I have read and enjoyed all three of Chris Zook's strategy books, Profit from the Core, Beyond the Core, and his latest, Unstoppable. They are filled with compelling analysis, which Zook uses to offer practical insights on how companies can grow profitably and create value for shareholders. Zook's description of the focus, expand, redefine cycle of growth is insightful. As the business world becomes less certain, more and more companies will need to move through this cycle. The stories that Zook describes of companies that have successfully navigated around this growth cycle offer guidance to other companies wishing to survive and grow. All of Zook's books are focused on implementation. In Unstoppable, he clearly outlines the questions that need to be answered in order to understand how your business is doing and where to look for hidden assets that can help redefine a company. Any corporate executive should think through Zooks's ten principles of core growth and redefinition and take to heart his message about the need to focus. It is not often that you find action-oriented advice written in such an easy-to-read style. I highly recommend reading Unstoppable.

Important information on how to continue to survive over the long haul...

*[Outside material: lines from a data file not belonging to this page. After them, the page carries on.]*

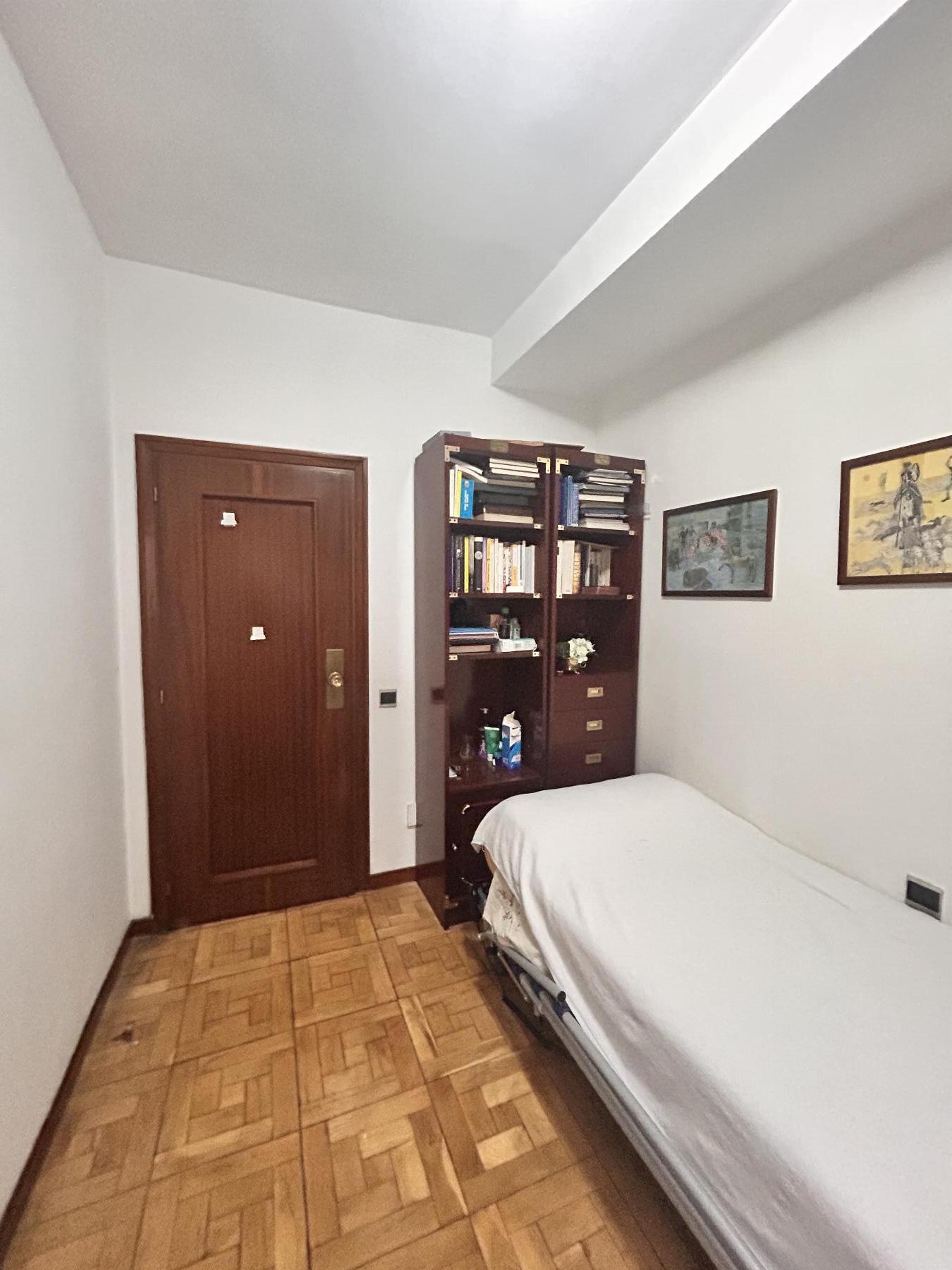 For sale of flat in Madrid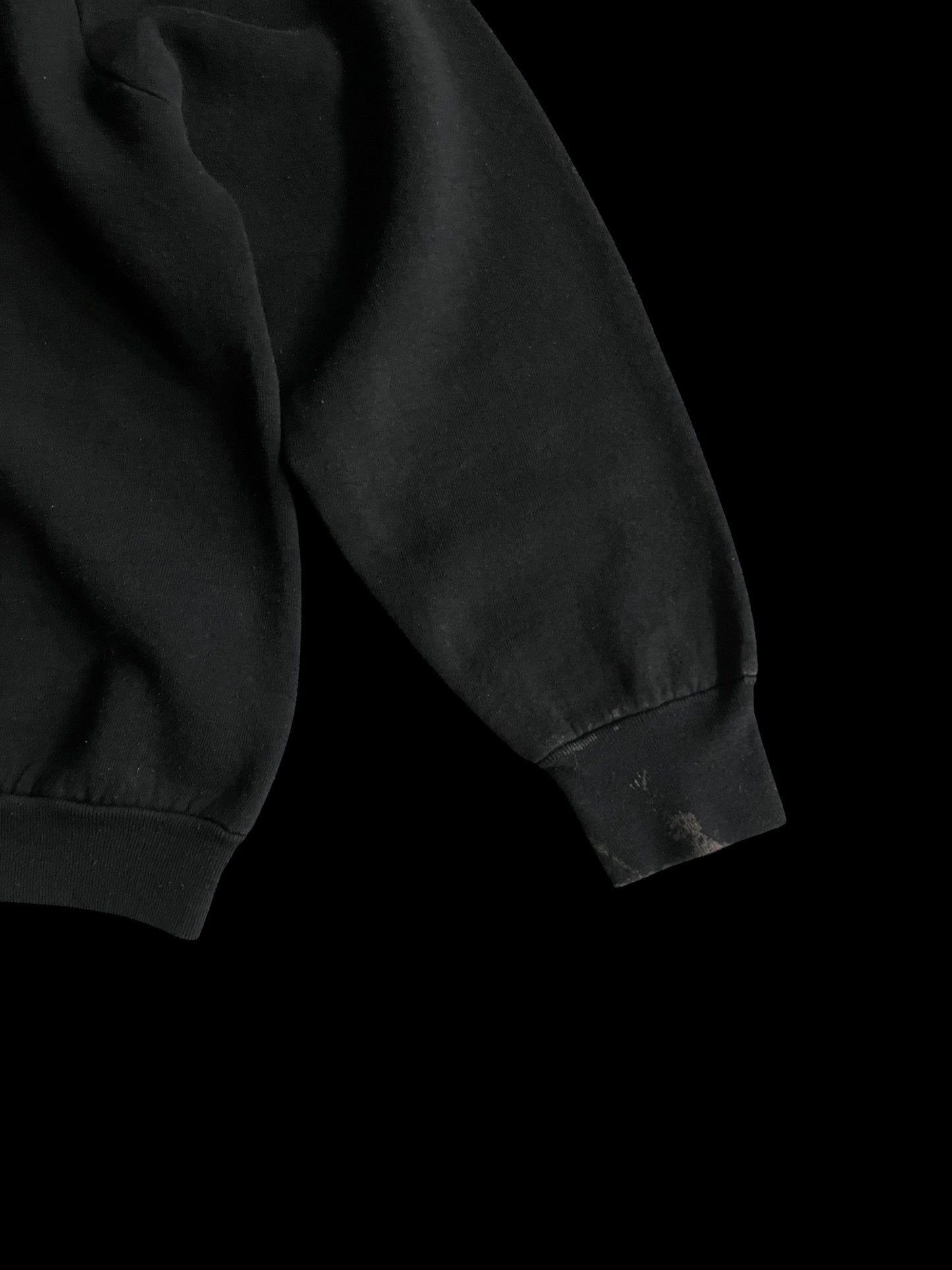 WOLF GRAPHIC SWEATSHIRT - M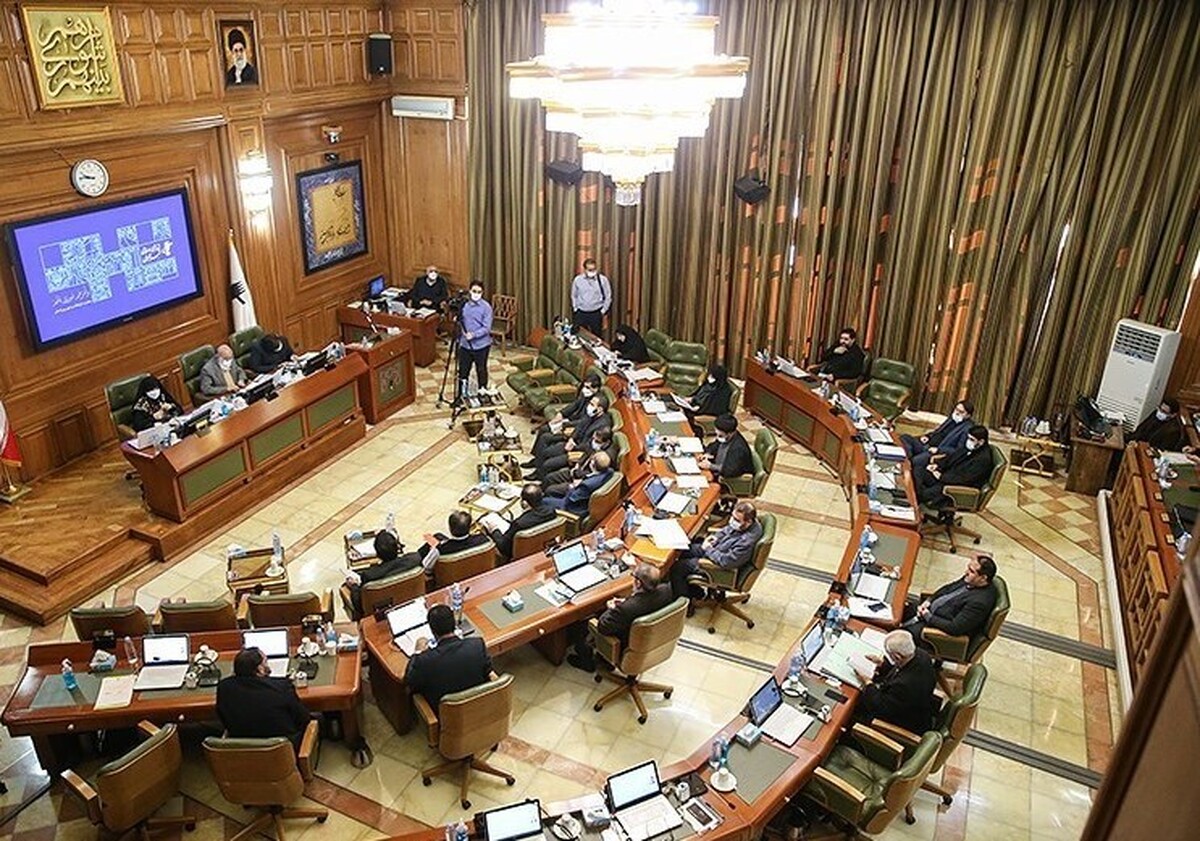 بررسی فیش حقوقی دختر عضو شورای شهر تهران نشان می‌دهد وی ماهیانه ۱۰ میلیون بیشتر از سایر روسای دفتر اعضای شورای شهر تهران حقوق دریافت کرده است.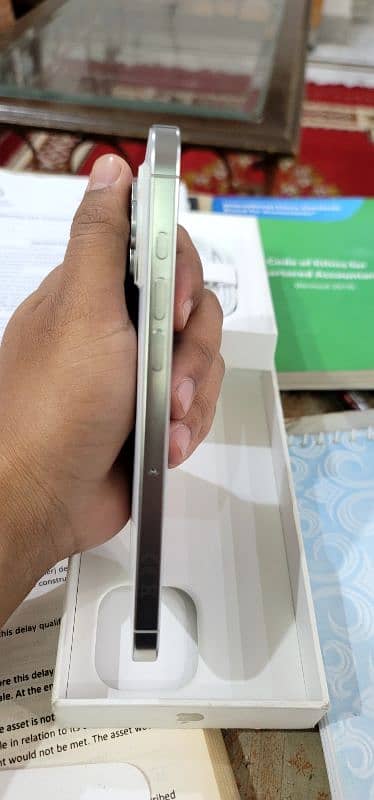 iphone 16 pro max 256 GB Titanium white 4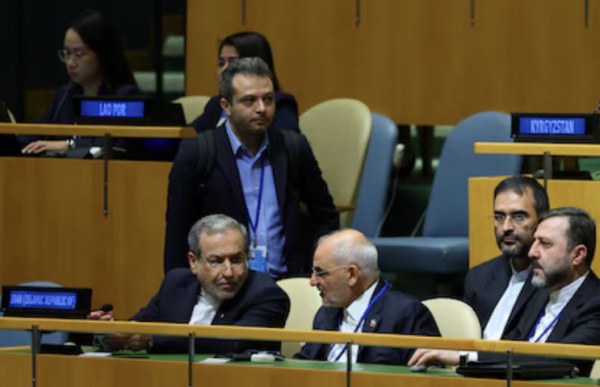 Irán propone reabrir Ormuz y cae el petróleo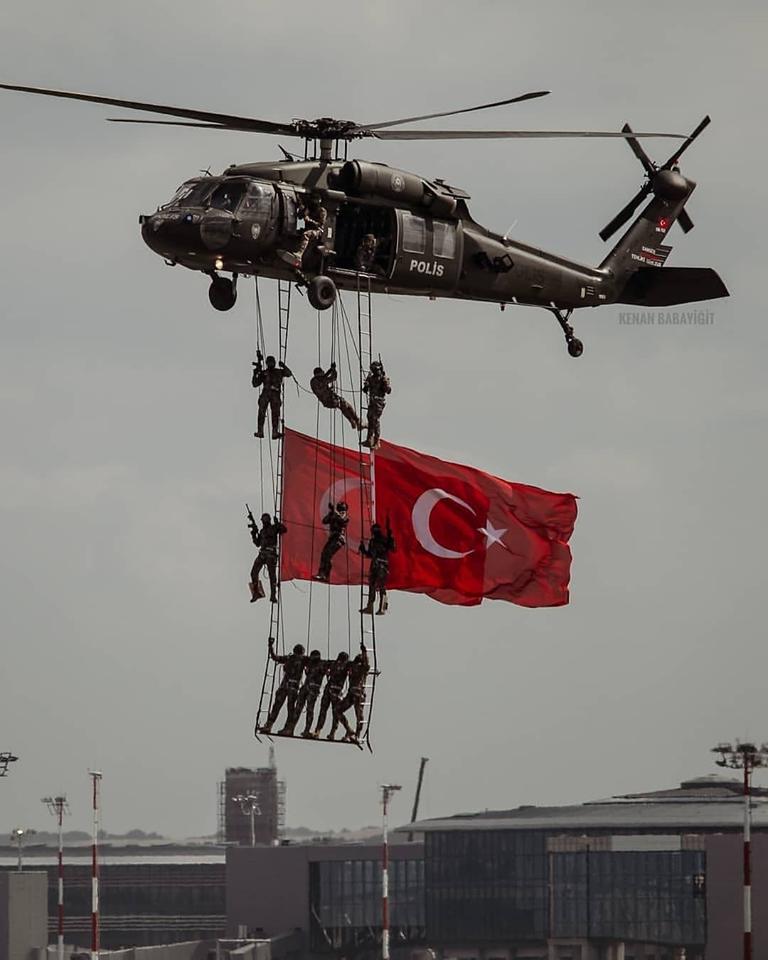 181 yıl önce bugün Türk Polis Teşkilatı kuruldu.

Kutlu Olsun!
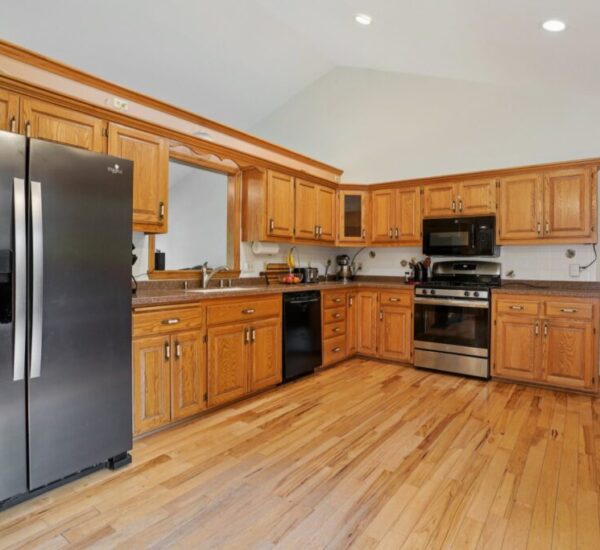 23-web-or-mls-W168N10315 Wildrose Ln-S1309-023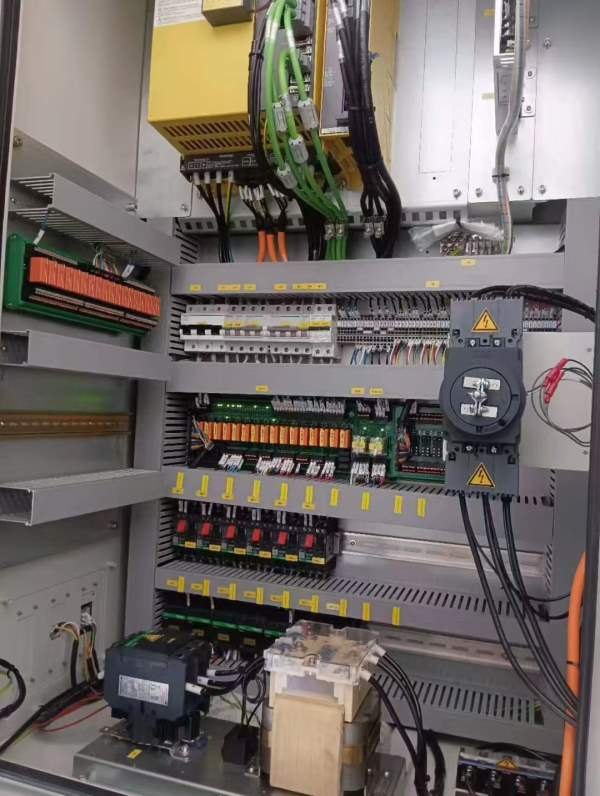 全新未用国盛1160加工中心发那科MF PLus系统 三轴滚柱.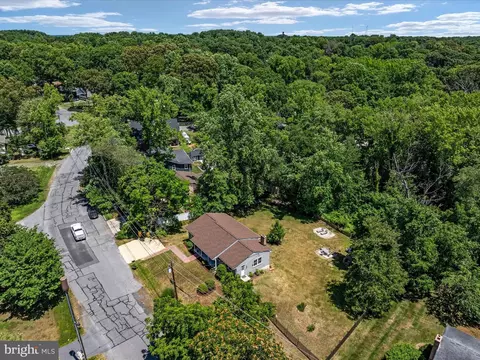 407 Beach Dr, Annapolis, MD 21403 photo 42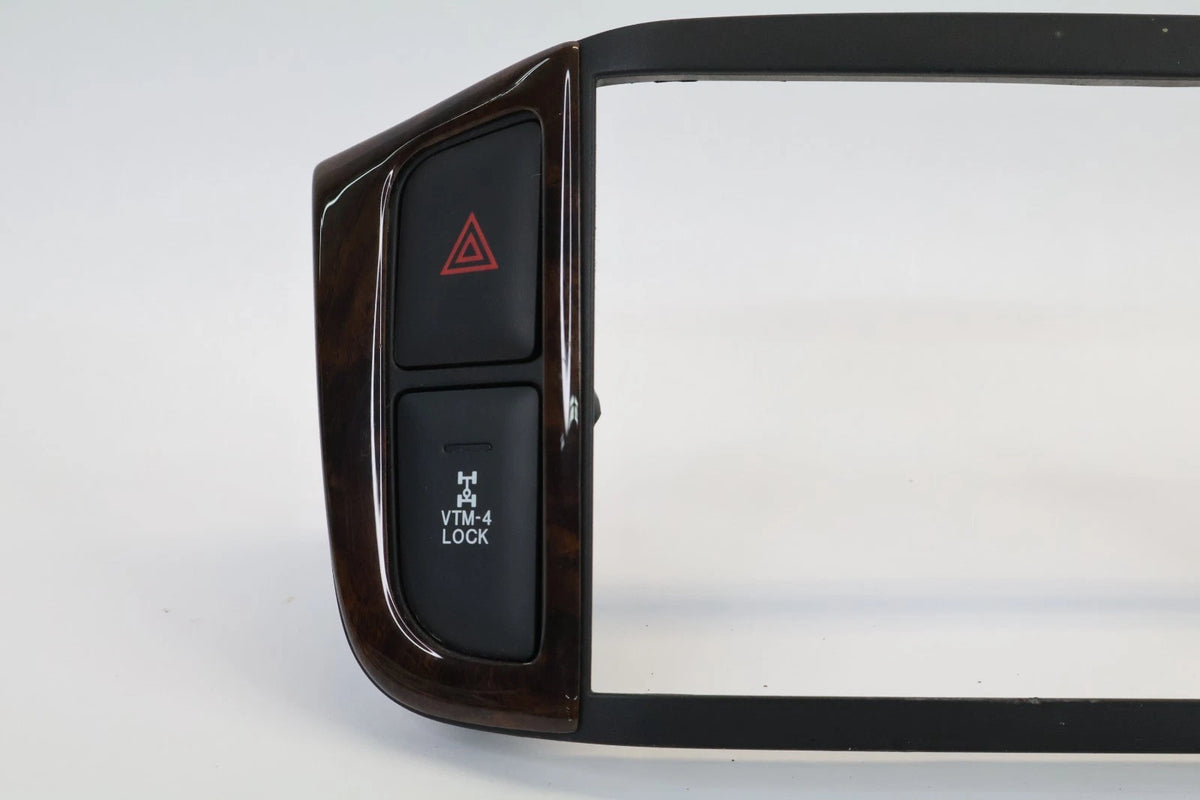 2003-2005 HONDA PILOT CENTER DASH RADIO TRIM BEZEL HAZARD & VTM SWITCH WOOD OEM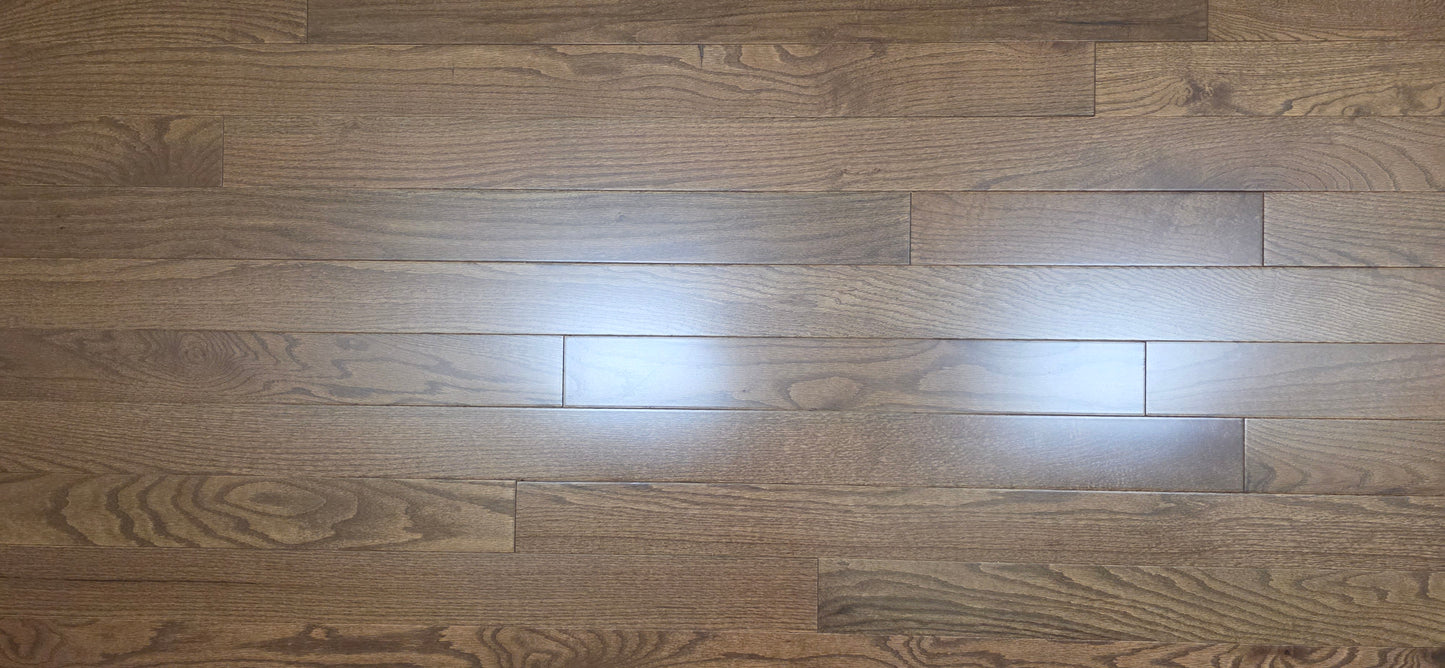 3 1/4" x 3/4" Red Oak Caramel Hardwood Flooring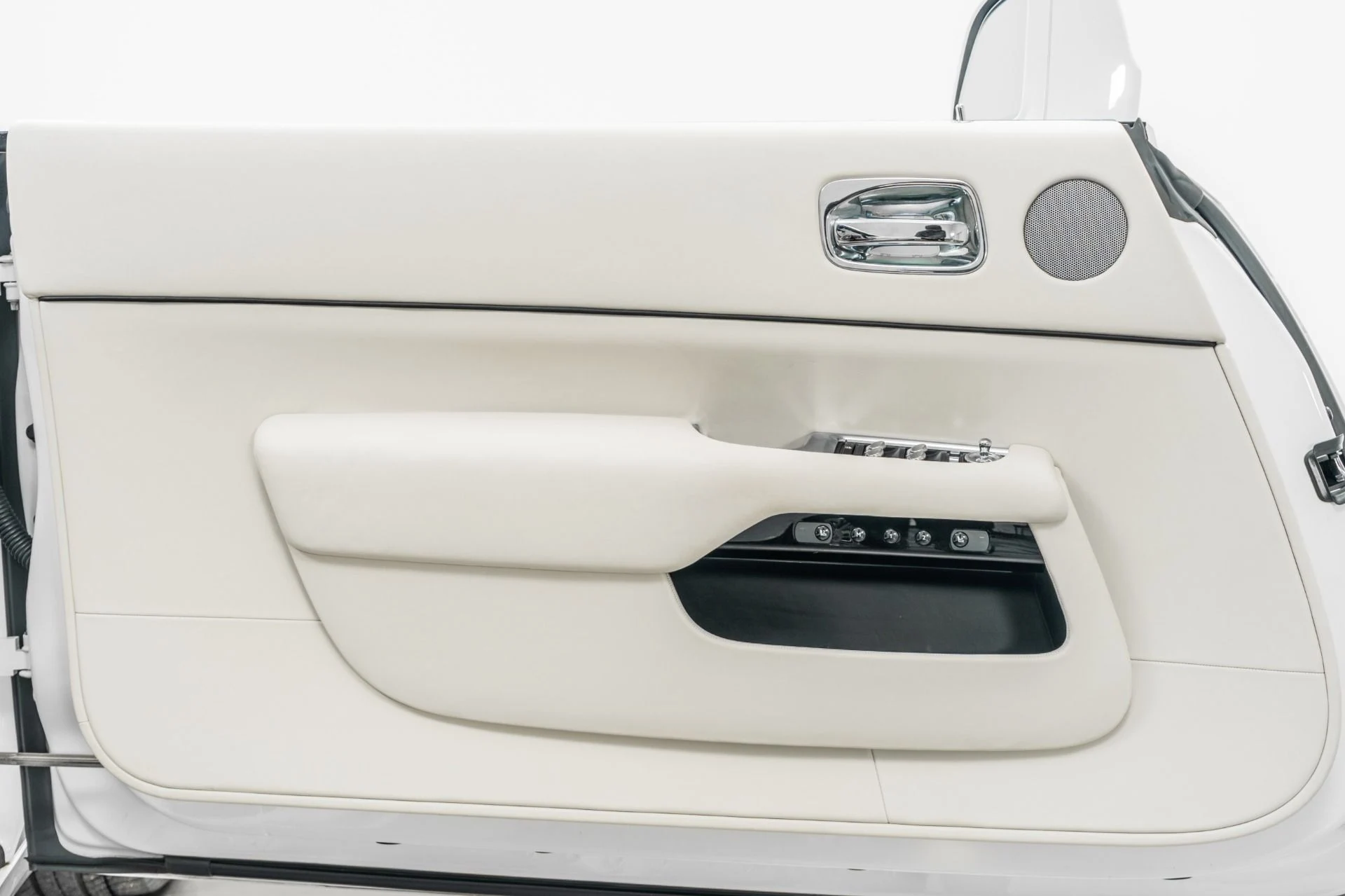 mph042_2244903401_Used_2020_Rolls_Royce_Dawn_Fully_Polished_Wheels_Heated_and_Ventilated_Seats_1764007062_0e332f1ab1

Nothing stays the same in the business world, and even successful businesses will face their own demise if they are not thinking ahead to their next "core" business. Chris Zook examines this redefinition of business in the book Unstoppable: Finding Hidden Assets to Renew the Core and Fuel Profitable Growth. This is an important book for all businesses, especially those who think they're on top of the curve right now... Contents: Unsustainable to Unstoppable; When to Redefine the Core; Undervalued Business Platforms; Untapped Customer Insights; Underutilized Capabilities; Managing Through the Growth Cycle; Appendix; Notes; Bibliography; Index; About the Author When a company is trying to redefine their core, often they'll do one of three things. They'll either commit ever more deeply to what they currently do, they'll move into an area where they have no experience, or they'll merge with some other group to form a new mega-power. But Zook shows through research that each of those moves has a very small chance of success over the long term. The odds are much better when companies examine what they already have, and then map out how to leverage those hidden assets. They often fall into the categories of undervalued business platforms, unexploited customer assets, or underutilized capabilities. By moving in these areas where you already have traction, the company can be redefined to meet the next growth period. Zook has plenty of case study examples to back up his premise. PerkinElmer went from precision optics to genetic research using a small niche subsidiary they had. American Express took their massive data assets and redefined how they catered to customers. These and many other stories help to flesh out an important message... Change is inevitable, and it's best to be out in front of it, rather than playing catch-up in survival mode. I can't think of too many businesses that wouldn't benefit from a structured examination of what they do and where things are going. Even if you don't feel you need to change right now, it's important to be thinking along those lines. That time *will* come, regardless of whether you want it to or not...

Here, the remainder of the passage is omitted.